Wednesday, December 28, 2005

Instrumentation of Websites

If you want to successfully mine useful data from your web logs, you should carefully instrument your websites. Garbage in, Garbage out. Parameters in the URL can be easily mined, but they should be standardized across all your websites or properties. This will simplify the Business and Customer Intelligence mining process and increase accuracy.

Somethings to Track:
1. Page Views
2. User Session
3. Click Through Path
4. Entry, Exit pages
5. External Reference Views
6. IP addresses - > Reverse lookup general location of user
7. Page mapping to business owner
8. Logical Page Groupings
9. Hosting Servers and their Geographical Locations, if your distributed
10. Original Web log File that this information came from
11. Passthrough parameters to be further processed and mined by the business specific to a given website.

Common Things

The following is a list of common concepts that are commonly found within a data warehouse or transaction database.
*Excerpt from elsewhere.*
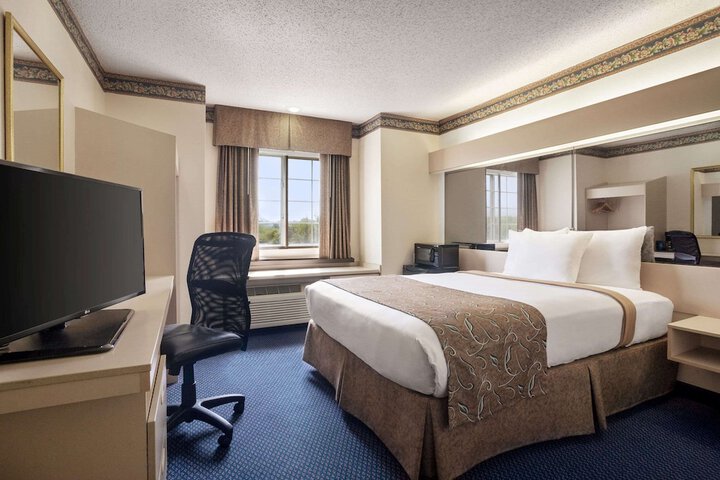 1 Queen Bed Accessible Room (16 of 19)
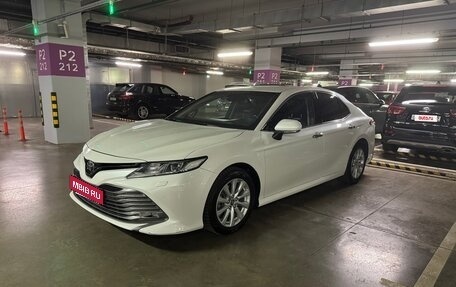 Toyota Camry, 2018 год, 2 690 000 рублей, 9 фотография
Some things to think about:
1. Table Names
a. Domain Tables
b. Domension Tables
c. Rule Tables
d. Fact Tables
e. Index Tables
f. Log or Change History Tables
g. General Table
2. Table Column Names
a. ID, SK
b. Code, Name, Description
c. Binary Indicators/Flags
d. Ranges: Start and End
e. CreatedBy, ModifiedBy, CreatedDateTime, ModifiedDateTime
f. EffectiveDate, ExpiredDate
3. View Names
a. Current Views
b. Historical Views
c. Dimension Views
d. Pipeline Views
4. Stored Procedure Names
a. Insert, Update, Delete, Select
b. Import, Export, Transform, Map, Sessionize
5. Trigger Names
a. Insert, Update, Delete Triggers
6. Function Names
a. Encrypt
b. Hash
c. Specialized Calculations

Tuesday, December 27, 2005

Data Modeling Verses Building a Universal Meta Data Model

Arguments I use for people that over use meta-data Models. (Mostly by over zealous C++, C#, Java Developers, UI developers, and beginning data modelers)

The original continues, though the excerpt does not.